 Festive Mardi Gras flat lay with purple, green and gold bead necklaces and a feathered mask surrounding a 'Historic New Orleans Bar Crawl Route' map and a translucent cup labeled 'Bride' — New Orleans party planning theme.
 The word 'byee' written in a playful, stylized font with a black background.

····················

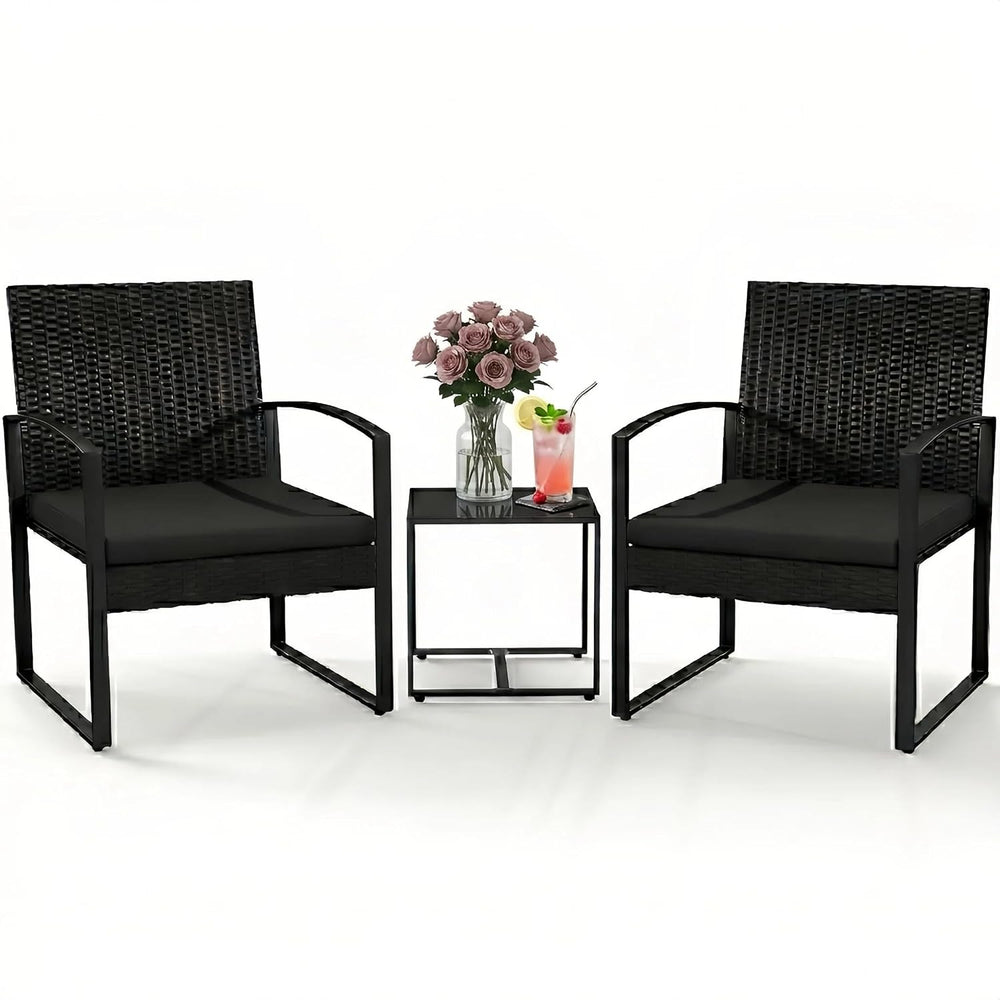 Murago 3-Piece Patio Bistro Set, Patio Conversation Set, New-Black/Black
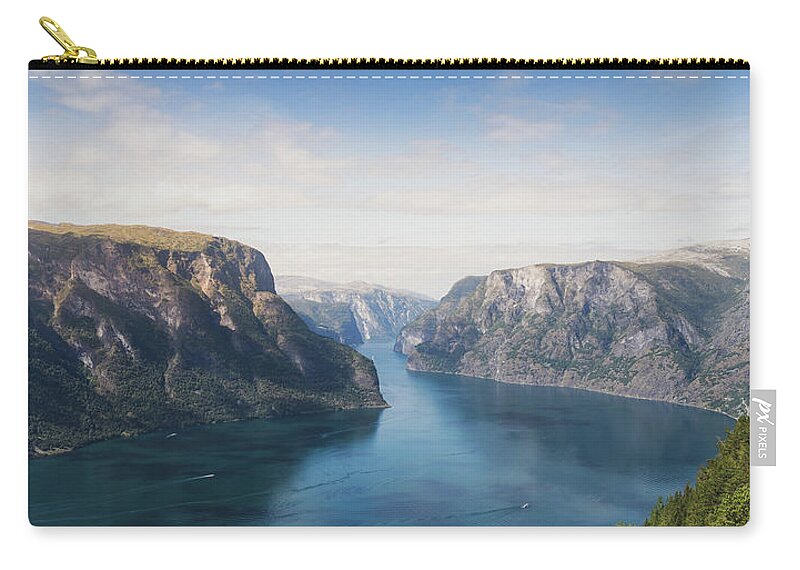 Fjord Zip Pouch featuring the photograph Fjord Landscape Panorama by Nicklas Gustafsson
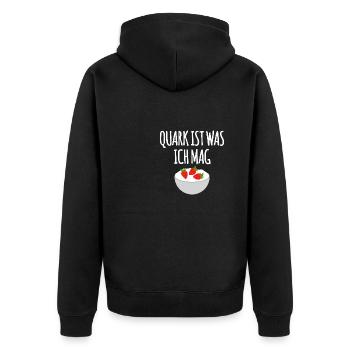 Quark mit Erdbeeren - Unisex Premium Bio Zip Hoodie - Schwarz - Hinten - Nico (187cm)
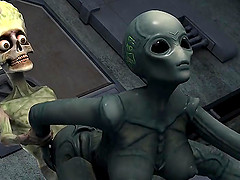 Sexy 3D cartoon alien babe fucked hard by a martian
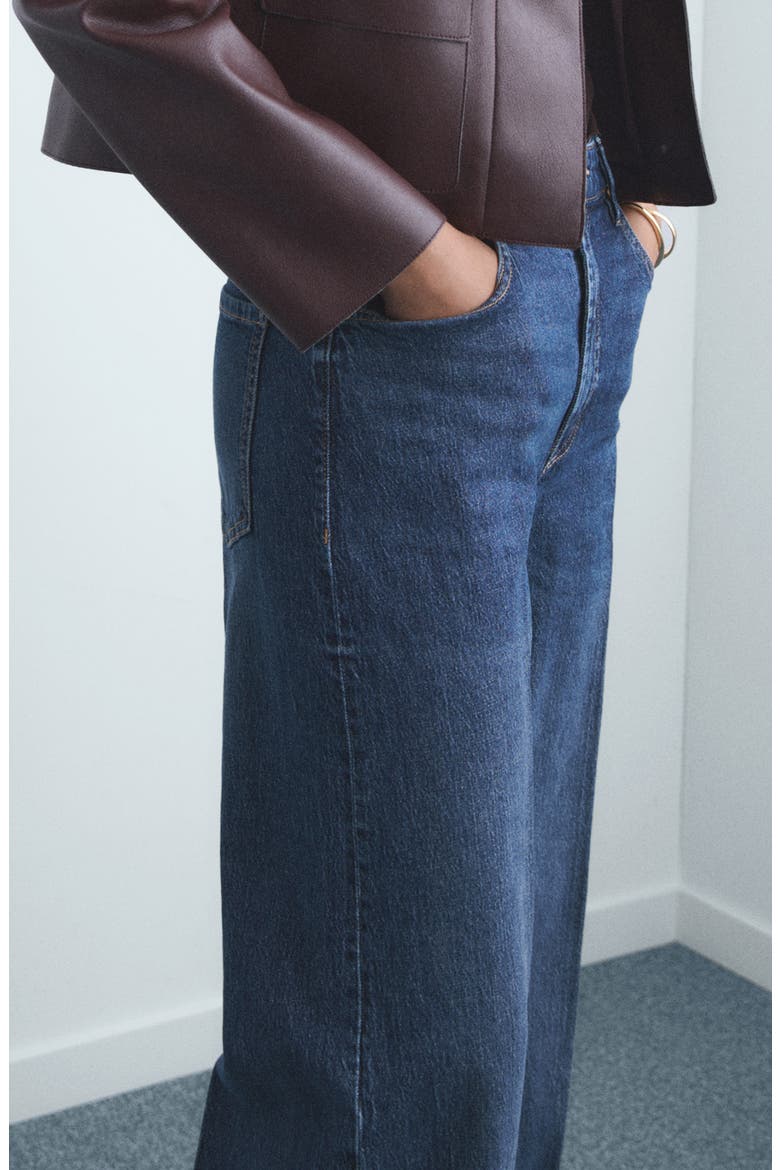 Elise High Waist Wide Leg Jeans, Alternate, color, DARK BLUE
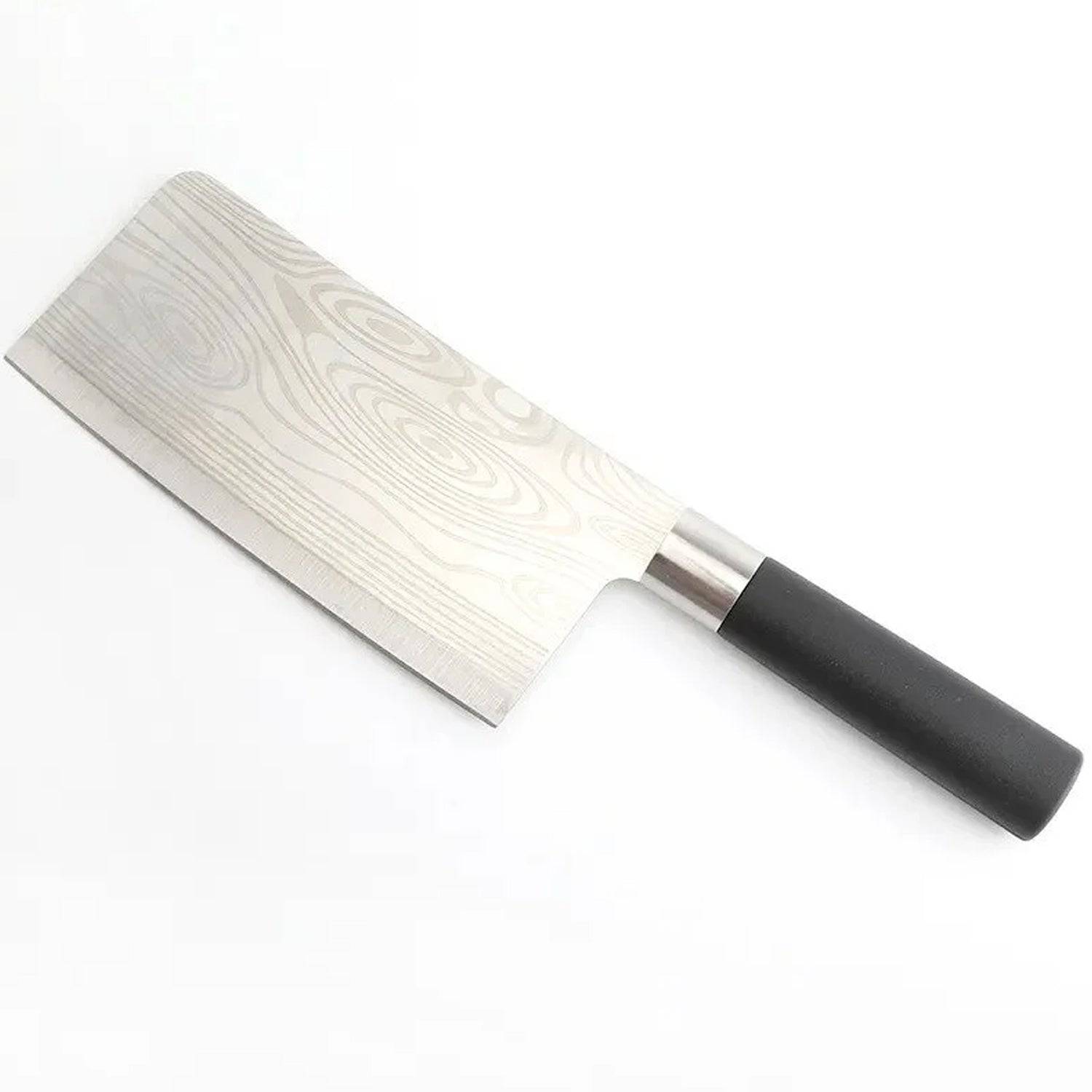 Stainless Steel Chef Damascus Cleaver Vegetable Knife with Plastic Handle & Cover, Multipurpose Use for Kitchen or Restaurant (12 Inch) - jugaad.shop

····················

- Exercise prompt
From the line that has "Festive Mardi Gras" through the line that has "The word 'byee'", copy every line exactly as it appears above, and leave out all others.

- Solution to the problem
 Festive Mardi Gras flat lay with purple, green and gold bead necklaces and a feathered mask surrounding a 'Historic New Orleans Bar Crawl Route' map and a translucent cup labeled 'Bride' — New Orleans party planning theme.
 The word 'byee' written in a playful, stylized font with a black background.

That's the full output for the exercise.